In their raw, powdered state, all of these substances will make your gut try to dilute them on its own. It does this by pulling water from your body quickly and suddenly into your gut to restore equilibrium and make the powder easier to digest.
Unfortunately, this sudden fluid shift can cause severe stomach cramps, nausea, diarrhea and vomiting. Not exactly what you’re looking for your body to do in the middle of an intense workout.
The good news is, this can be avoided by just, you know, being kind to your intestines by mixing your pre-workout with some water first.
How to Safely Use Pre-Workout Supplements
The best thing you can do? MIX YOUR PRE-WORKOUT WITH HECKING WATER. END OF ARTICLE.
Just kidding, but seriously. The FDA recommends Americans limit their caffeine intake to 400 milligrams a day and many pre-workout powders contain more than this amount.
The danger is even greater when a high amount of caffeine is combined with other stimulants like beta-alanine, taurine, citrulline and whatever other unique “proprietary blend” of energy boosting compounds.

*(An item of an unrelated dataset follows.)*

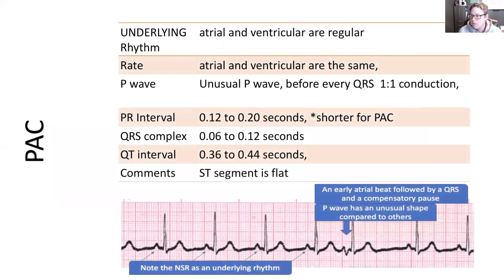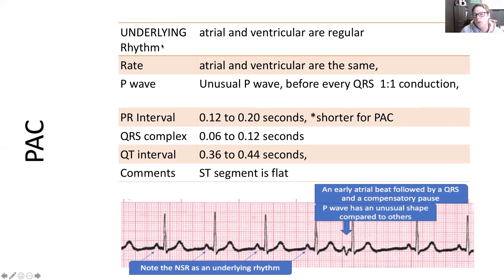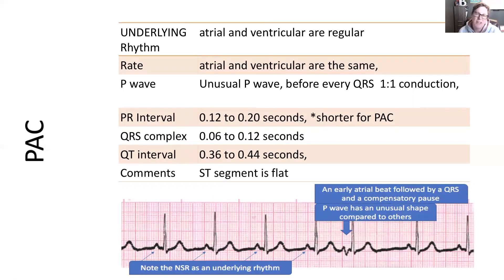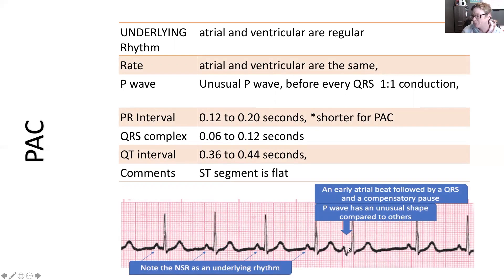Reviewing this in terms of the chart, the underlying rhythm in this case is normal sinus rhythm. The underlying rhythm will have all the normal parameters, except the P wave will be unusual and the PR interval for that particular impulse will be shorter — it's really difficult to measure precisely. Everything else will be normal.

It’s also a good idea from a safety standpoint to choose a pre-workout that has been third-party tested from bodies like NSF for Sport and Informed Choices.
That doesn’t mean that it’s okay to dry scoop third-party tested pre-workouts either, but it does mean you know that the powder actually contains the amount of caffeine that it is labeled to contain. You also wanna watch how much caffeine you consume from other sources throughout the day too.
Before taking any dietary supplement, consult your healthcare provider to ensure you aren't unintentionally exposing yourself to any health risks.
The Bottom Line?
Sports dietitians are constantly fighting the battle of debunking the ridiculous diet and fitness claims and practices on social media. Most of them are dumb, but harmless. However, the dry scooping trend is downright dangerous.
Given all of the compounds contained in pre-workout supplements that have pronounced and sometimes dramatic effects on our bodies, it’s important to listen to the manufacturer, not social media influencers, to keep yourself safe.